Epitaph for George Dillon is an early John Osborne play, one of two he wrote in collaboration with Anthony Creighton (the other is Personal Enemy). It was written before Look Back in Anger, the play which made Osborne's career, but opened a year after at Oxford Experimental Theatre in 1957, and was then produced at London's Royal Court theatre, where Look Back in Anger had debuted.
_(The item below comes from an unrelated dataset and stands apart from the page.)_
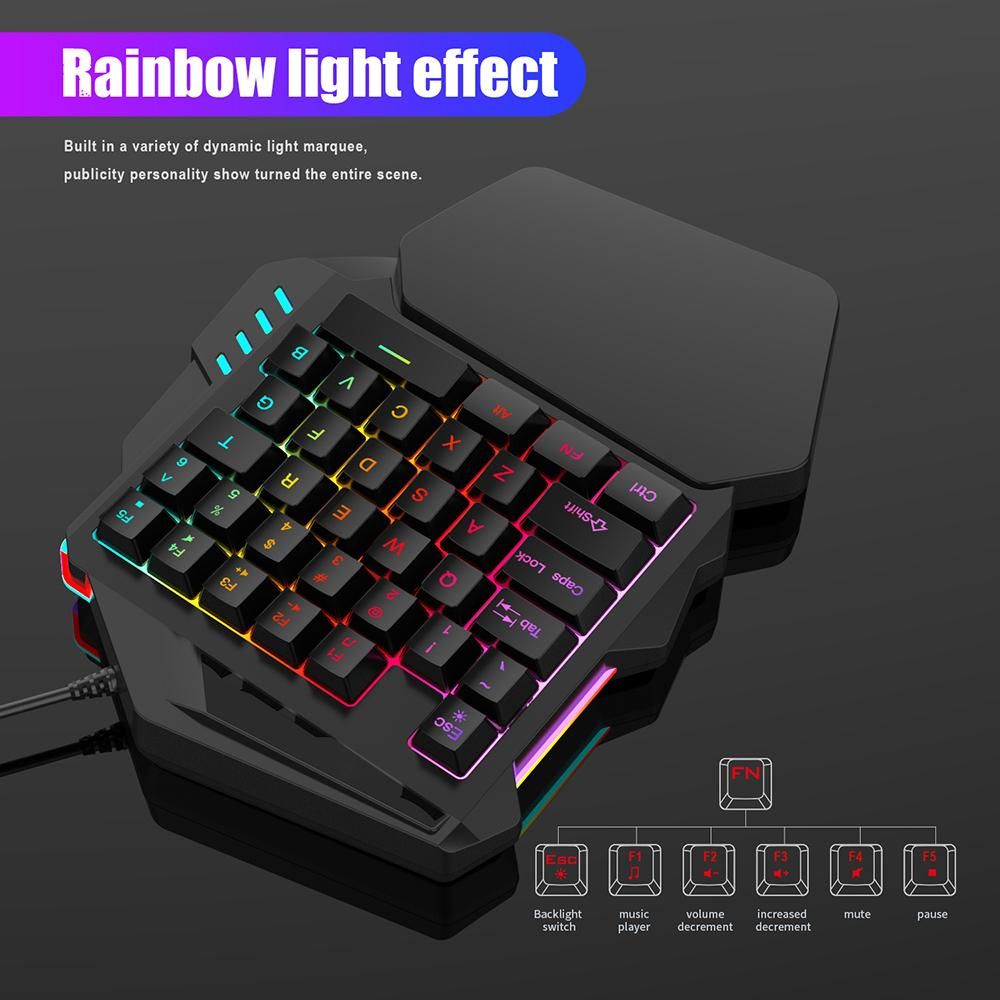 HXSJ  V100 35 Key Single Hand Membrane Mini 35 Keys Gaming Keyboard with USB Wired Replacement for PUBG LOL CS Gamer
It transferred to New York City shortly afterwards and garnered three Tony Award nominations.

==Themes==
The play tells the story of Kate Elliot's unhappy suburban South London family and the domestic havoc wrought when she decides to adopt George Dillon as a surrogate son.

It tackles typical Osborne themes, including religion (and Osborne's hatred thereof), vegetarianism, the casual deception of everyday life and scorn of the theatre. In common with Jimmy Porter in Look Back in Anger, George Dillon is an intelligent man unable to find his place in the world.

==London==
It opened professionally at the Royal Court Theatre on 11 February 1958, in a production by William Gaskill, with the following cast (in order of appearance):
- Wendy Craig ... Josie Elliot
- Yvonne Mitchell ... Ruth Gray
- Alison Leggatt ... Mrs. Elliot
- Avril Elgar ... Norah Elliot
- Toke Townley ... Percy Elliot
- Robert Stephens ... George Dillon
- Philip Locke ... Geoffrey Colwyn-Stuart
- Paul Bailey ... Mr Webb
- Nigel Davenport ... Barney Evans

- Critical reception
In The Observer, Kenneth Tynan called it "Powerful, honest and transfixing"; while in The Sunday Times, Harold Hobson wrote that the play "absorbs and fascinates because it is that rarest of theatrical phenomena, a realistic modern drama which is not bourgeois in its underlying assumptions. It is like a familiar building caught at an angle which suddenly makes it look like something never seen before."

==Broadway==
It made its debut on Broadway on 4 November 1958 starring Wendy Craig but was a failure and closed on 22 November 1958 after just 23 performances. Another version by new management and separately-financed opened during the same season on 12 January 1959, again starring Craig but was also a commercial failure playing for 48 performances, and closing on 21 February 1959. The first version received three Tony Award nominations - Best play; best direction (William Gaskill) and best actor (Robert Stephens).
- Original Broadway cast
- Wendy Craig ... Josie Elliot
- Felix Deebank ... Barney Evans
- Avril Elgar ... Norah Elliot
- Frank Finlay ... Percy Elliot
- Eileen Herlie ... Ruth Gray
- Alison Leggatt ... Mrs. Elliot
- Robert Stephens ... George Dillon
- James Valentine... Geoffrey Colwyn-Stuart
- David Vaughan ... Mr Webb

== 2005 London revival==
A successful West End revival of the play ran at the Comedy Theatre from 27 September 2005 until 14 January 2006, directed by Peter Gill and starring Joseph Fiennes, Francesca Annis and Anne Reid.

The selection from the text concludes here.